1-4 Les secrets de Martin

Deux années après la visite de Richard Dançon, Rim entrait dans une période que les Hommes appelaient l’adolescence. Plus mature et plus conscient de ce qu’il faisait et de ce qui l’entourait, il devenait plus expressif et parlait plus souvent, sans qu’on lui en donne le droit. Réalisant qu’il devenait moins docile, Martin dut changer ses méthodes de dressage : lorsque Rim se montrait impoli, selon sa définition propre de la politesse, il se devait de le remettre sur place immédiatement, craignant que, à force de n’en faire qu’à sa tête, il finisse par ne plus l’écouter. Martin savait se montrer persuasif et intimidant et, parfois même, violent lorsqu’il faisait quelque chose qu’il réprouvait. La première fois qu’il leva la main sur Rim, ce fut parce qu’il avait pigé dans ses réserves de nourriture. Il le frappa quatre fois, et ce fut la première fois qu’il le vit pleurer. Non pas que cela le culpabilisa.

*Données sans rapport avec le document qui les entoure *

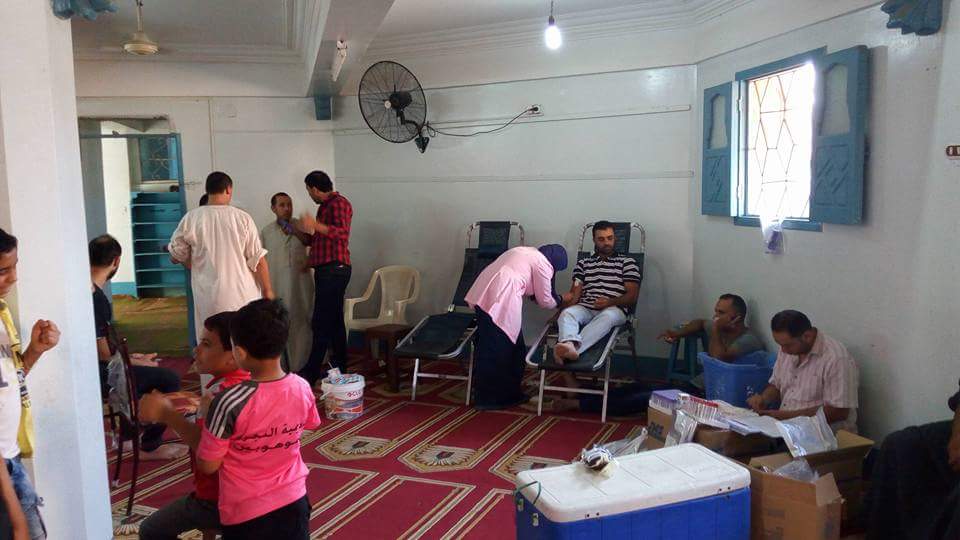 حملة للتبرع بالدم بقرية «صافور» بديرب نجم 1 حملة للتبرع بالدم بقرية صافور بديرب نجم1
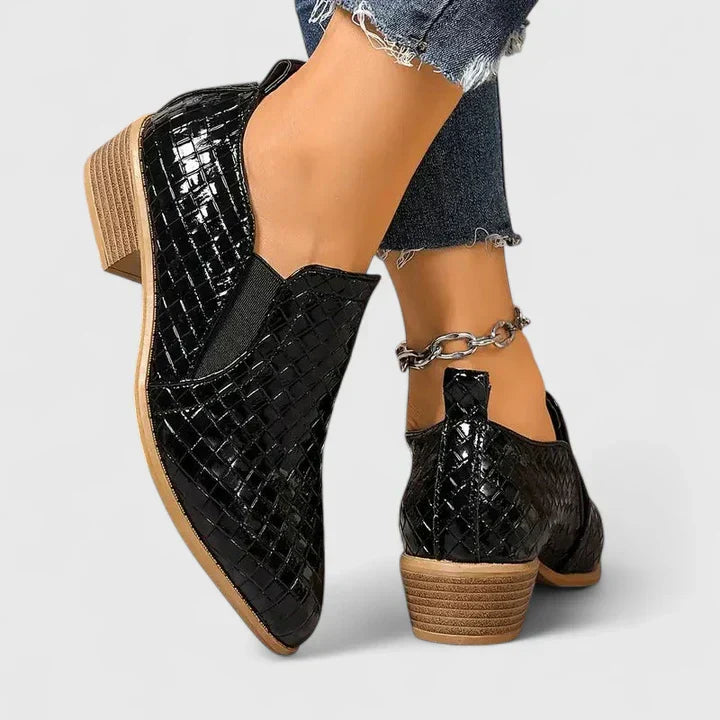 Karen Moree | Orthopedic Shoes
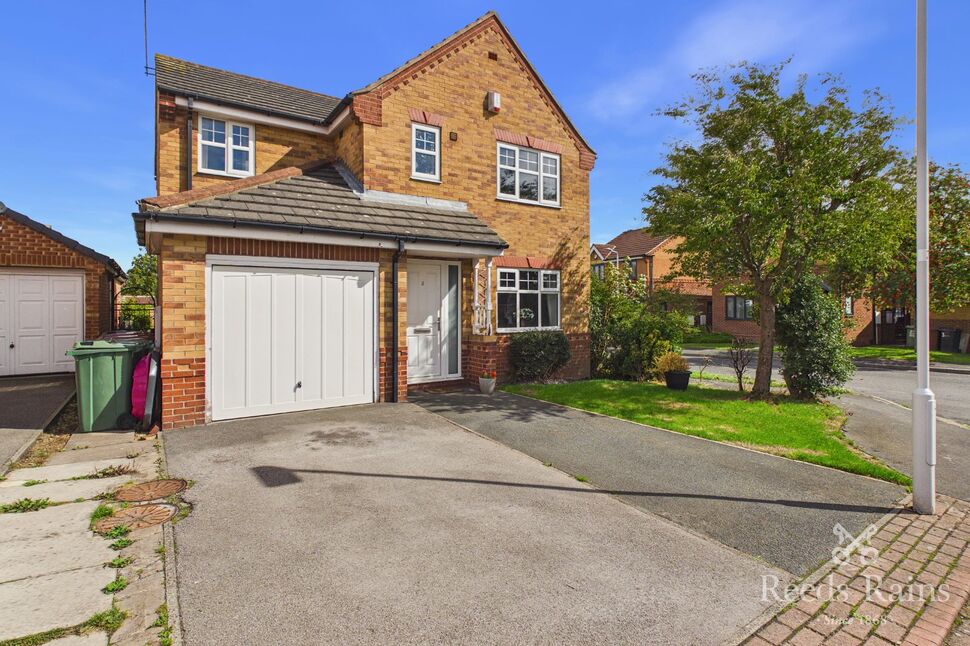 Main image of 4 bedroom Detached House for sale, Fairfield Close, Rothwell, West Yorkshire, LS26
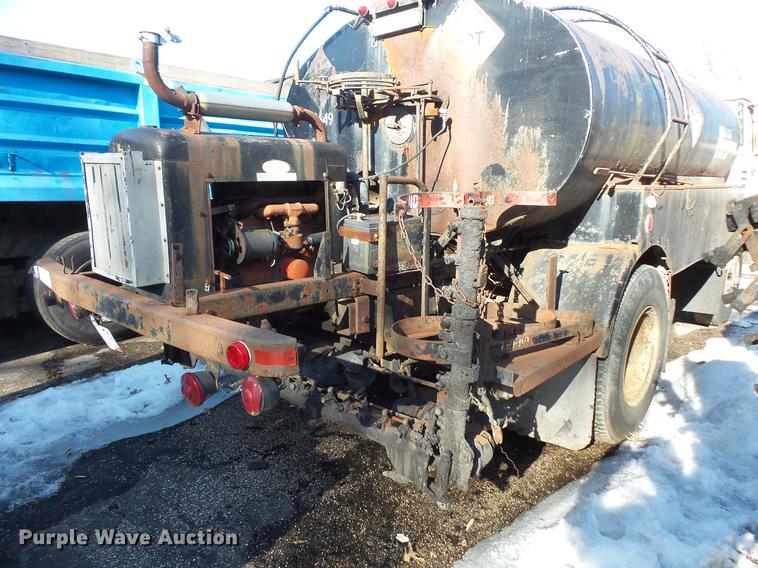 image for item DW9571 1966 International CO202 oil distributor truck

La puberté s’installait. Tout lui semblait plus facile et plus clair. Il fit le deuil de sa mère et de Salamey, ce qui l’aida par la suite à montrer émotions sans gêne. Il avait atteint sa taille d’adulte, soit environ un mètre quarante; et même s’il pouvait espérer vivre encore quarante ans, il resterait toujours plus petit et plus faible que l’humain moyen.

Il ne considérait plus les gens de la même façon : il les analysait et les jugeait; même Martin et Yolande, il les jugeait secrètement; il les espionnait même quelquefois, alors qu’il devait dormir ou faire autre chose. Ils parlaient souvent de lui, mais, la plupart du temps, c’était à propos de quelque chose qui ne l’intéressait pas ou qu’il ne connaissait pas; mais il les écoutait quand même, car Martin était gentil avec sa femme, ce qu’il n’avait pas la chance de voir souvent.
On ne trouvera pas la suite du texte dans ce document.